■ WORK INSTRUCTION ■
Among the lines below, output only those between the line holding "Audi A3 Sportback - 29" and the line holding "Transformers Studio Series", inclusive, exactly as written and with no pictures.

■ DATA SECTION ■
= = = = =

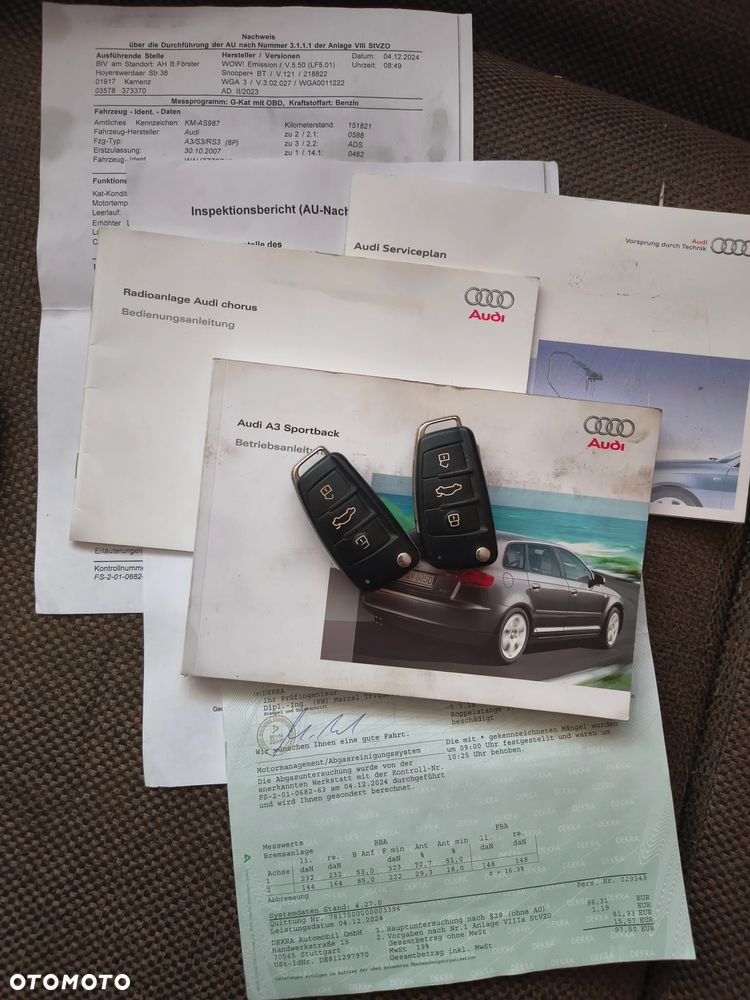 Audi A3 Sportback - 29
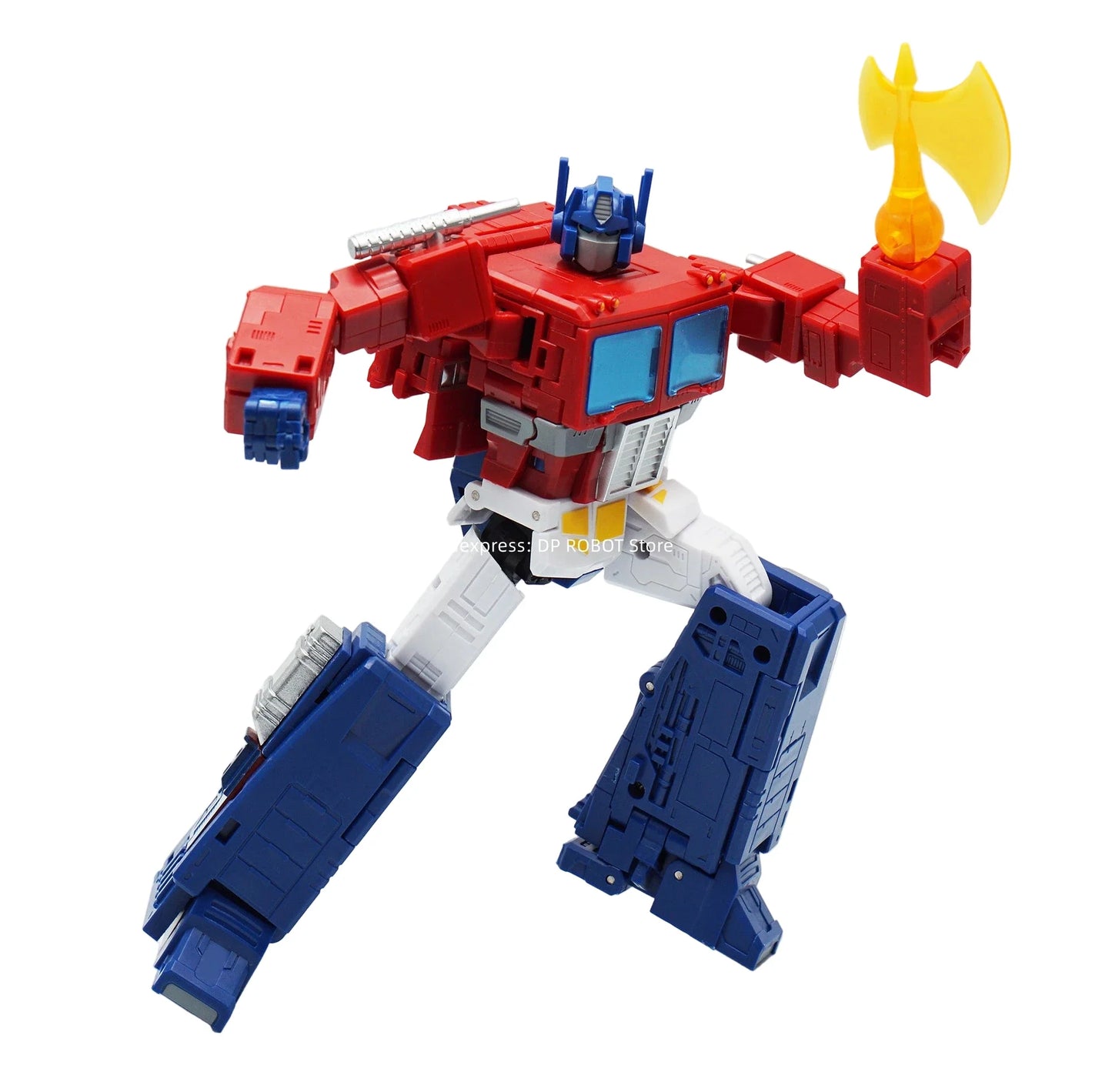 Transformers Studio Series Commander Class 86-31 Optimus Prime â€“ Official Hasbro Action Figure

= = = = =

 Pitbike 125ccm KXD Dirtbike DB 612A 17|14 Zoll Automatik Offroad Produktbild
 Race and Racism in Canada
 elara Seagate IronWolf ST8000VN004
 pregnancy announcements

= = = = =

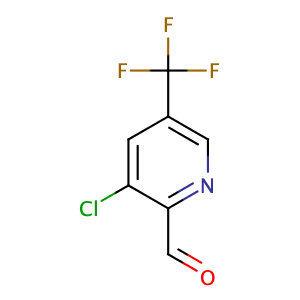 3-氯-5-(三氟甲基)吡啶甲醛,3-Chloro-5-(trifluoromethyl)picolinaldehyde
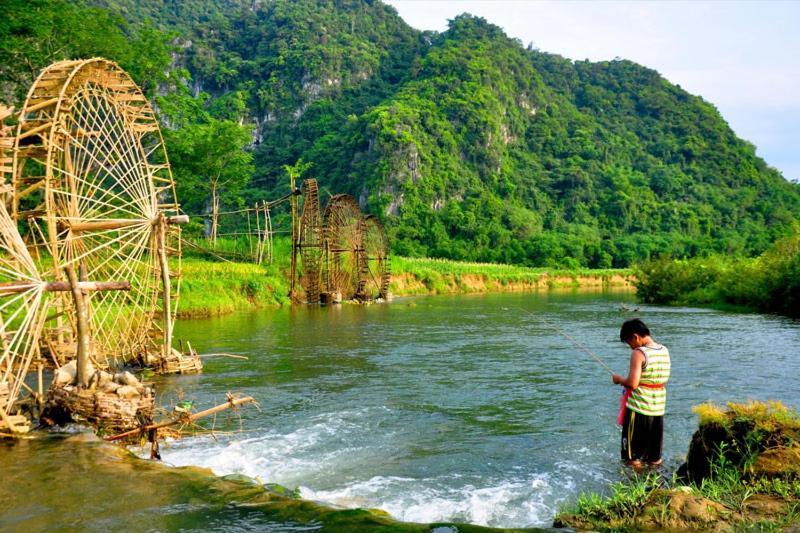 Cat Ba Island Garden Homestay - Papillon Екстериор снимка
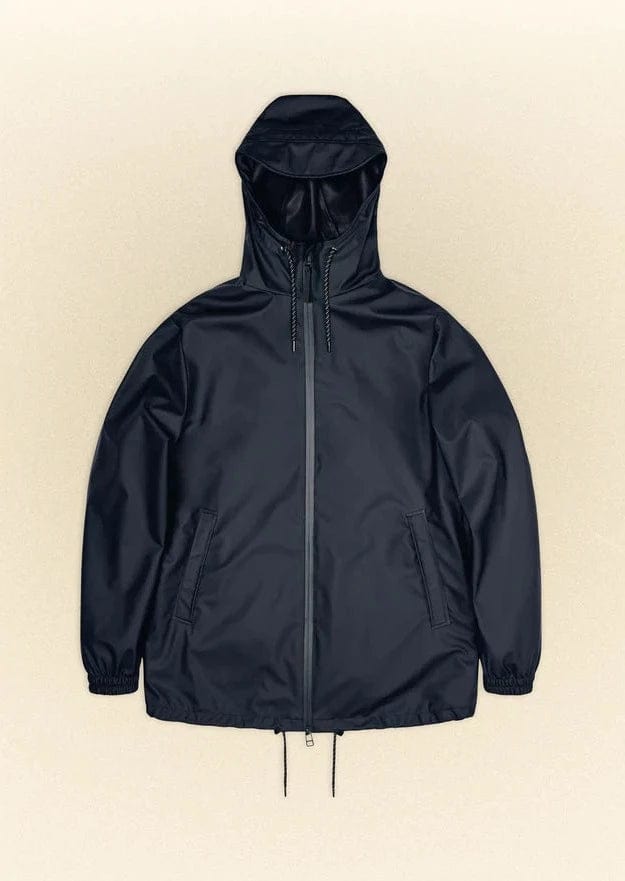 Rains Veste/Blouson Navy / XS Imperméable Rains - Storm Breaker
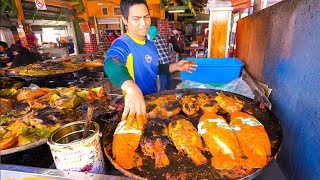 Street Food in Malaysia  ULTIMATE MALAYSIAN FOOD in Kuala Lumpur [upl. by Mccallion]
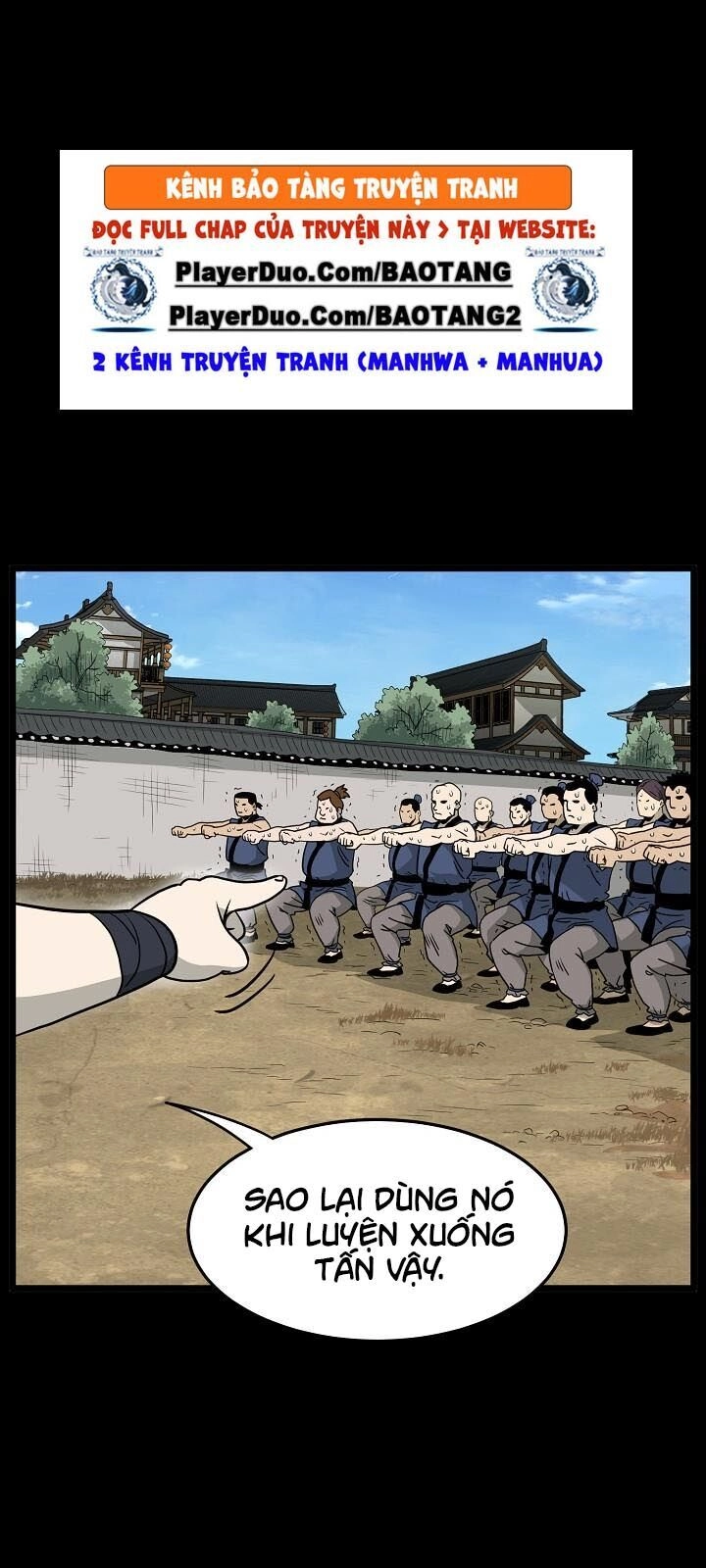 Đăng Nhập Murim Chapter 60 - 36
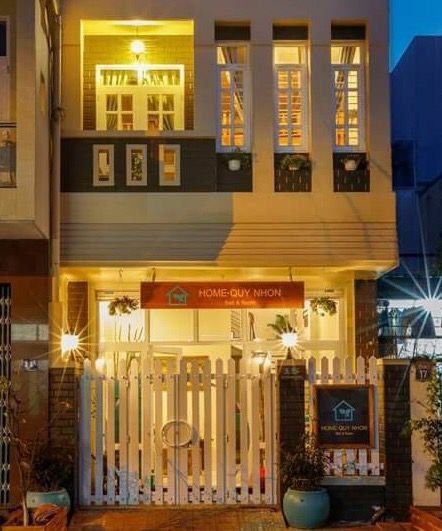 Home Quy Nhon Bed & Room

= = = = =

■ WRITTEN SOLUTION ■
 Audi A3 Sportback - 29
 Transformers Studio Series Commander Class 86-31 Optimus Prime â€“ Official Hasbro Action Figure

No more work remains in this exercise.